SEXUAL REPRODUCTION (Recovered from corrupted file)
Learning Outcomes
Describe the difference in outcomes between mitosis and meiosis
Indicate which type of cells undergo mitosis and meiosis
Explain what haploid and diploid numbers represent
Describe how haploid gametes are produced in sexual reproduction (plants and
animals)
Mitosis
_You have seen that mitosis is responsible for cell division that all plants
and animals require for:
Asexual reproduction
Growth
Repair of body cells
The characteristics that identify mitosis are:
There is always one parent.
The daughter cells are identical to the parent.
Sexual Reproduction
_Sexual reproduction usually requires two separate parents where specialized
cells called gametes from each parent combine in a process called
fertilization to form a new cell called a zygote. Note that two gametes
combine to form one zygote. The zygote is the offspring of the two parents.
_You know that your parents, brothers, sisters, and grandparents look
different than you do, but a family portrait will likely demonstrate that
there are strong similarities among the family. Sexual reproduction is
responsible for these differences between the parents and their offspring.
Meiosis
_In complex plants and animals where sexual reproduction occurs, there are
two types of cells.
Somatic cells are the cells that make up our body. These cells include
muscles, blood, the skeleton, and so on. These cells reproduce by mitosis.
Reproductive cells are sex cells. These cells are specialized for reproducing
offspring through sexual reproduction. There are two types of reproduction
cells: the male reproduction cell is called sperm and the female reproduction
cell is called the egg.
All our body cells contain 23 pairs of chromosomes for 46 chromosomes per
cell. The two chromosomes in each pair match each other in size and shape and
are called homologous pairs. Human body cells are called diploid and are
written as 2n. The human body cells are called diploid since they have 2 x 23
chromosomes (“di” means double). When body cells reproduce through mitosis,
they replicate the diploid number of cells and an exact reproduction occurs.
_
_In complex plants and animals, there are reproductive cells that have a
haploid number of chromosomes. The reproductive cells produce sex cells. The
male produces a gamete called the sperm and the female produces a gamete
called the egg.
In order that sexual reproduction occurs, the sperm gamete must unite with
the egg gamete. In order that the proper number of chromosomes remains
constant, each gamete can contribute only half the total number of
chromosomes when they combine to form the zygote. The chromosomes in each
gamete are haploid or “n” in number; that is, they contain 23 chromosomes,
not 23 pairs of chromosomes each. The chromosomes from each gamete are
combined at fertilization to produce the diploid number (23 pairs of
homologous chromosomes) in the offspring or zygote. The process by which the
gametes are formed is called meiosis, which results in haploid cells.
Stages of Meiosis
The first stage of meiosis is called meiosis I. This stage is the reduction
part of meiosis. Each of the sex cells has its chromosomes reduced from a
diploid number to a haploid number.
Early Prophase – The chromosomes do not appear to be double stranded, but
they are because the homologous chromosomes have paired.

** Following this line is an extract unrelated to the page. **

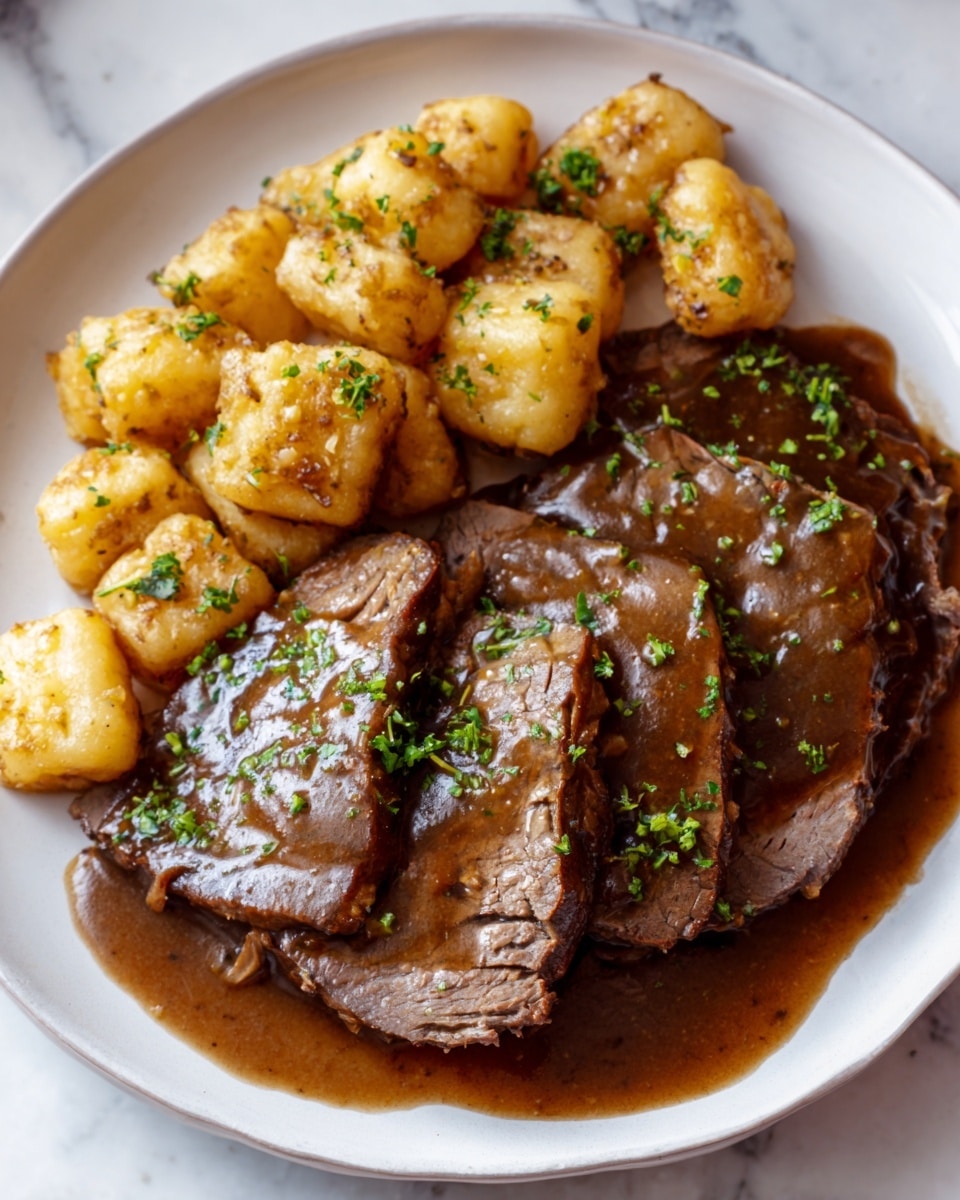 A white plate placed on a white marbled surface holds a meal with two main parts: sautéd, golden-brown gnocchi pieces arranged at the upper left side, looking soft and slightly crispy, sprinkled with finely chopped green herbs; and several thick slices of brown roast beef with a rich, glossy brown gravy poured over them and pooling around the plate’s base, garnished with chopped green herbs, creating a warm, hearty visual. Photo taken with an iphone --ar 4:5 --v 7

Late Prophase – The nuclear membrane begins to disappear. Homologous
chromosomes begin to thicken and become visible. The spindle becomes visible.
Metaphase – The chromosome pairs line along the equator of the cell. Spindle
fibres attach to the centromere region of each homologous pair.
Anaphase – The chromosome pairs are drawn to the opposite poles by the
spindle fibers.
Telophase – The chromosome pairs move to the opposite poles and the cell
divides to form two new cells, each having a haploid number of duplicated
chromosomes.
The second stage of meiosis is called meiosis II and is known as the division
stage.
The phases in the second stage are very much like the phases in mitosis. The
difference lies in the number of chromosomes in the cells from meiosis I. The
two cells produced from meiosis I have a haploid number of paired
chromosomes. As meiosis II takes place, the paired chromosomes are separated,
leaving a haploid number of chromosomes in the four sex cells at the
interphase.
Summary
There are two types of cells. Somatic or body cells use mitosis to reproduce
cells for growth and repair. These cells have a diploid number of chromosomes
and are identical to the parent cell. Reproductive cells produce two types of
gametes called sperm and egg. These cells have a haploid number of
chromosomes so that when the sperm combines with an egg the offspring will
have a diploid number of chromosomes.
There are two steps to complete cell reproduction by meiosis. The first step
is a reduction step where the chromosomes are reduced from a diploid number
to a haploid number. This step is called meiosis I. The next step is a
division step where the two daughter cells divide to produce four daughter
cells. This step is called meiosis II.
In addition to providing haploid cells, meiosis allows for “crossing over,” a
process by which chromosomes exchange genetic information. Crossing over
provides the opportunity for offspring to differ from their parents.